Entries supplied:
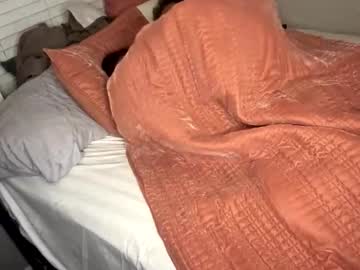 Sex cam beauty micwb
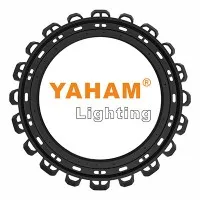 YAHAM Lighting - Sports & Industrial Lighting Manufacturer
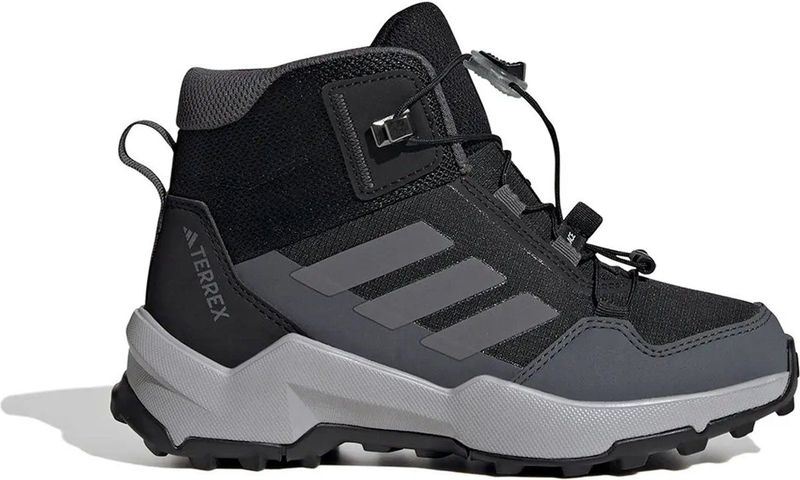 adidas - TERREX Ax4r Mid - Wandelschoenen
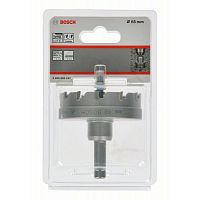 коронка precision f/sheet metal 65mm, купить metabo, купить husqvarna, купить bosch, купить makita, купить hitachi, купить hikoki, купить oregon, купить stihl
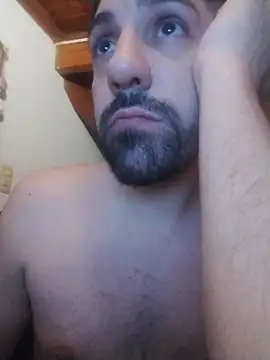 nicedick_bro webcam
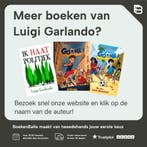 De competitie start / Gooal! / 3 9789490139209, Boeken, Verzenden, Zo goed als nieuw, Luigi Garlando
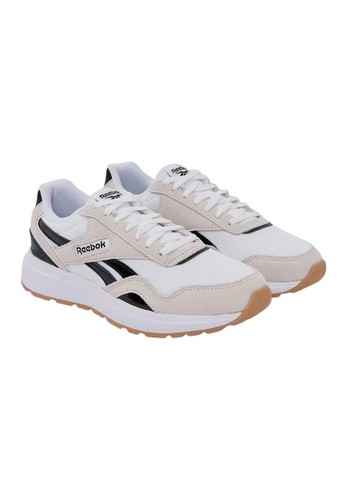 Reebok glide gl1100 femmes - reebok,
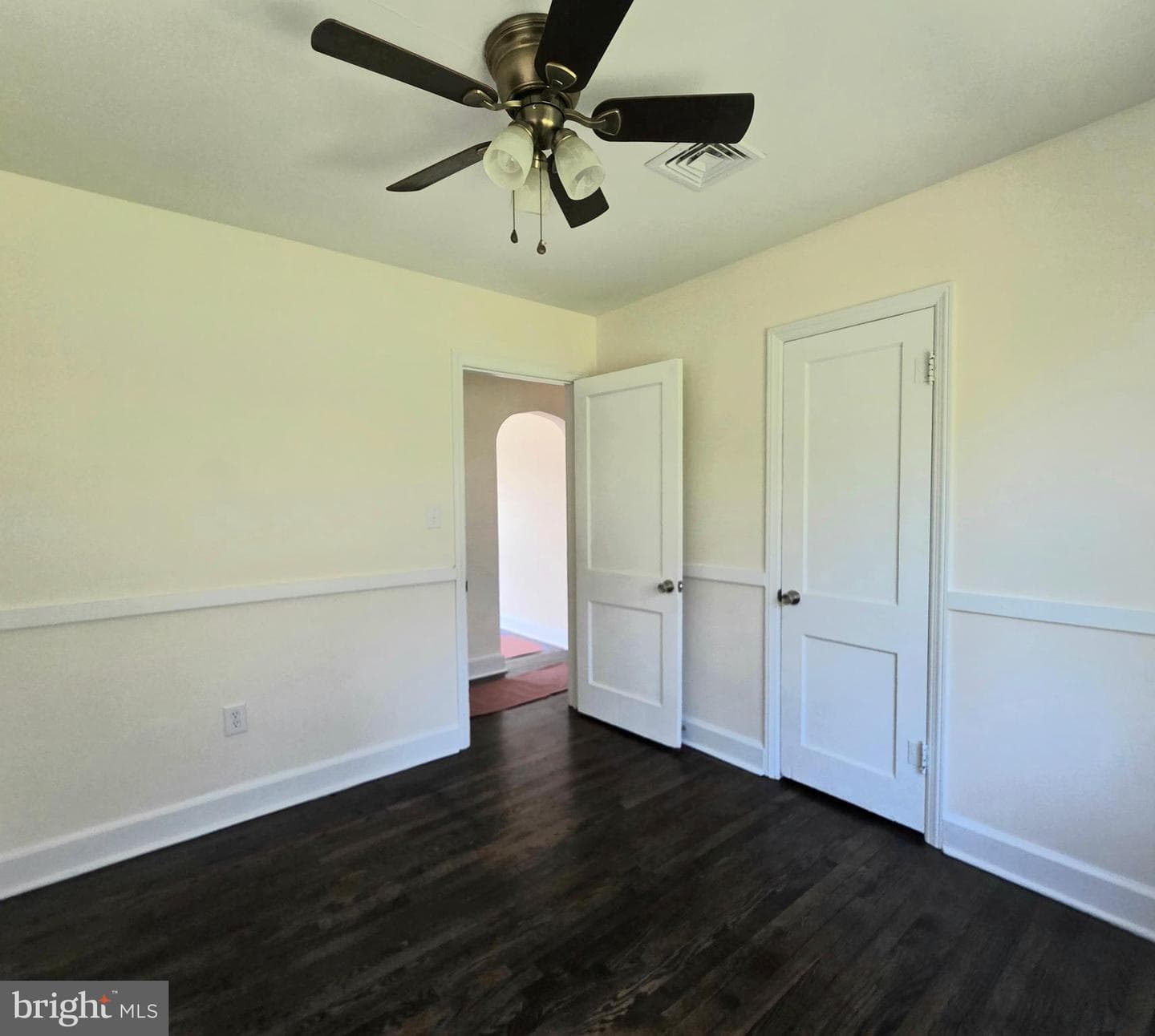 357 Hedrick Avenue photo 40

Problem:
Repeat each line of the records above exactly, but do not copy the pictures.

Result of this task:
 Sex cam beauty micwb
 YAHAM Lighting - Sports & Industrial Lighting Manufacturer
 adidas - TERREX Ax4r Mid - Wandelschoenen
 коронка precision f/sheet metal 65mm, купить metabo, купить husqvarna, купить bosch, купить makita, купить hitachi, купить hikoki, купить oregon, купить stihl
 nicedick_bro webcam
 De competitie start / Gooal! / 3 9789490139209, Boeken, Verzenden, Zo goed als nieuw, Luigi Garlando
 Reebok glide gl1100 femmes - reebok,
 357 Hedrick Avenue photo 40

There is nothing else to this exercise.